Larval Dispersal and Marine Population Connectivity
Quantification of stochastic larval connectivity among marine populations is essential to understand global and long-term changes of marine ecosystems (Siegel et al., 2008). Our primary approach is to quantify dispersal probabilities of marine species in order to learn how far larvae can be transported by oceanic eddies and how quickly and effectively they colonize new sites (Mitarai et al., 2009; Mitarai et al., 2016), and to test these predictions of dispersal with recruitment and population genetic data that define the biogeographic characteristics of selected marine species (Selkoe et al., 2010; Nakamura et al., 2015). By quantifying dispersal patterns, we seek to contribute to marine conservation planning. That is, by optimizing design of marine protected areas, we may be able to help prevent the collapse of vulnerable ecosystems globally (Mullineaux et al., 2018; Levin et al., 2020).
Biological Responses of Coral Reef Species to Turbulent Flows
Biological responses to the changing physical oceanographic environment can have significant consequences for biogeochemical cycling. We study biological responses of coral reef species to oceanic turbulence at individual scales, and quantify their integrated effects on biogeochemical processes at reef scales, based on in situ observations (Rintoul at al., 2022). In order to better understand effects of flows on biology (causality), we also combine ocean observations and flume experiments with living organisms, such as corals and garden eels (Ishikawa et al., 2022). Combined with ocean circulation models, we strive to formulate better estimates of coral-reef contributions to the carbon cycle in the changing environment.
Oceanic Responses to Extreme Forcings by Typhoons
Atmosphere-ocean interactions in tropical cyclones remain a central research topic in oceanography and related disciplines. Extreme forcing by tropical cyclones can cause rapid shifts in marine community structures, including marine microbes in coral reefs (Grossmann et al., 2015; Ares at al., 2020). We deploy ocean observing platforms with a suite of sensors, in order to understand key atmospheric, oceanic, and biological processes, even under extreme weather conditions, including cores of tropical cyclones (Mitarai and McWilliams, 2016).
In the fall of 2021, the MBU entered a joint research agreement with Nippon Telegraph and Telephone Corporation (commonly known as NTT) to enable real-time monitoring of atmosphere-ocean interactions in fully developed typhoons. We also utilize obtained typhoon observation data to formulate better predictions of typhoon intensification.
Cooperation with the Japan Coast Guard
As an application of developed research tools, the MBU has been contributing to i) improvement of drift prediction accuracy, and ii) increased sophistication of ocean tide models and ocean current simulations in the sea around Okinawa, through a cooperative agreement with the 11th Regional Coast Guard Headquarters, since March 2012. Ten years of successful cooperation resulted in a commendation from the Commandant of the Japan Coast Guard in 2022. Cooperation with the Japan Coast Guard will be accelerated in the coming decade.

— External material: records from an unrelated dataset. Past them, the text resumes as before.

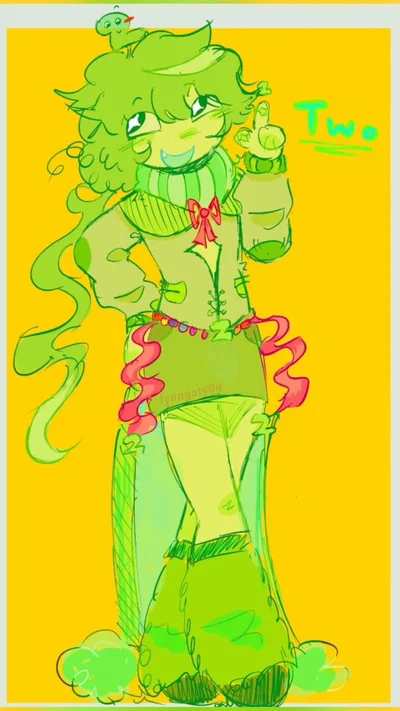 `~!2TW0 INT3GER2!~`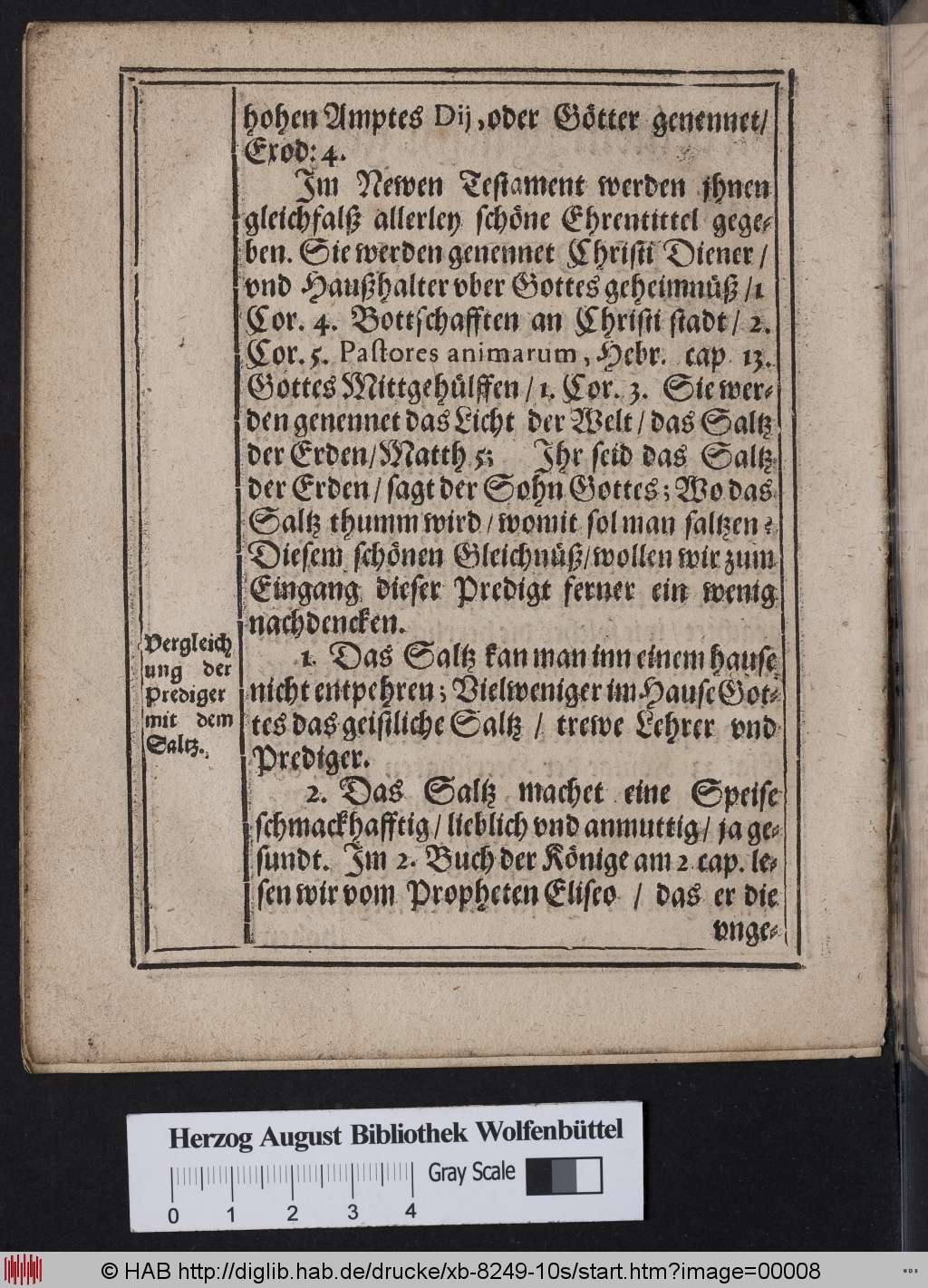 http://diglib.hab.de/drucke/xb-8249-10s/00008.jpg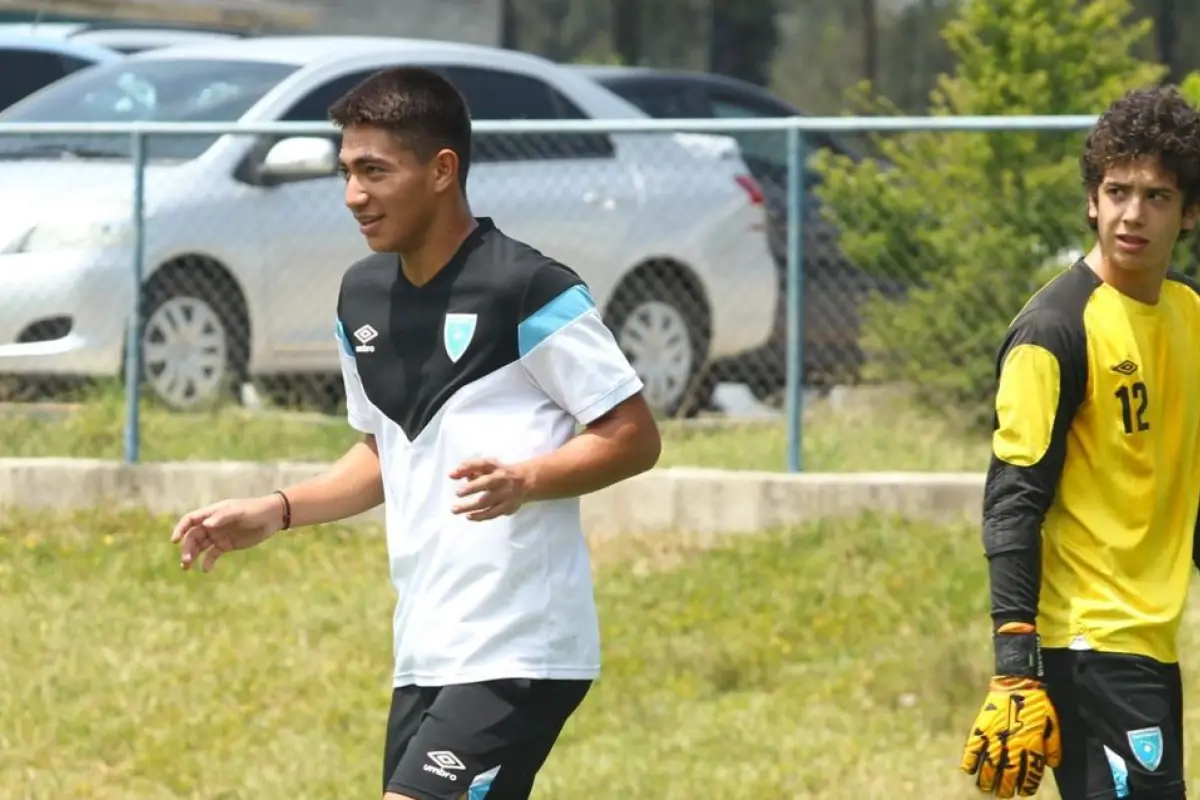 sub-18-de-guatemala-abril-2024.jpg, 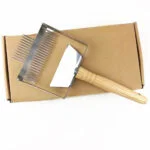 Two-Way Uncapping Fork CUF-9 - Image 3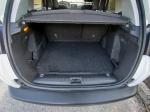 peugeot-2008-2018-gasolina-1199cc
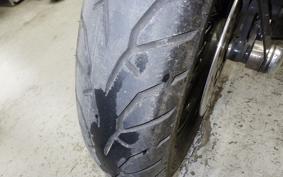 HARLEY FLSTSB 1580 2011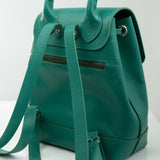 Lady Line Backpack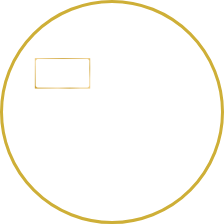 Investment Grade Practices Podcast with Dr. Victoria Peterson
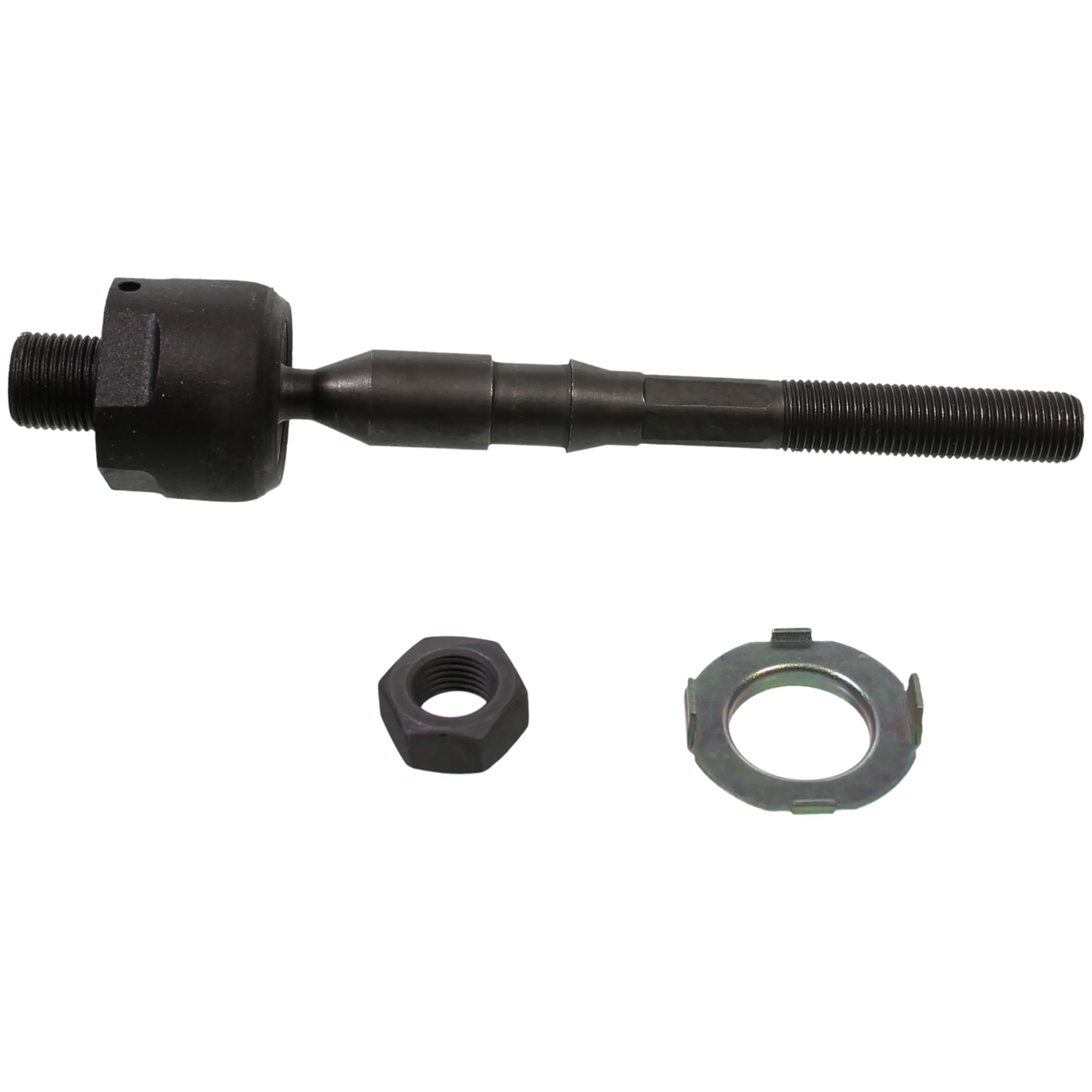 Tie Rod End - image principale du produit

OIST was recently awarded a Center of Innovation grant by the Japan Science and Technology Agency. As one of the proposed projects of the Center of Innovation program, the MBU will develop an ocean monitoring framework around Okinawa, in collaboration with the Naha Coast Guard Office, which will provide its resources, including patrol vessels, helicopters, airplanes, and divers for the project, when possible. This new cooperative agreement will greatly enhance in situ observations for ongoing and future MBU research projects, while promoting marine-leisure safety around Okinawa, e.g., by providing rip current predictions.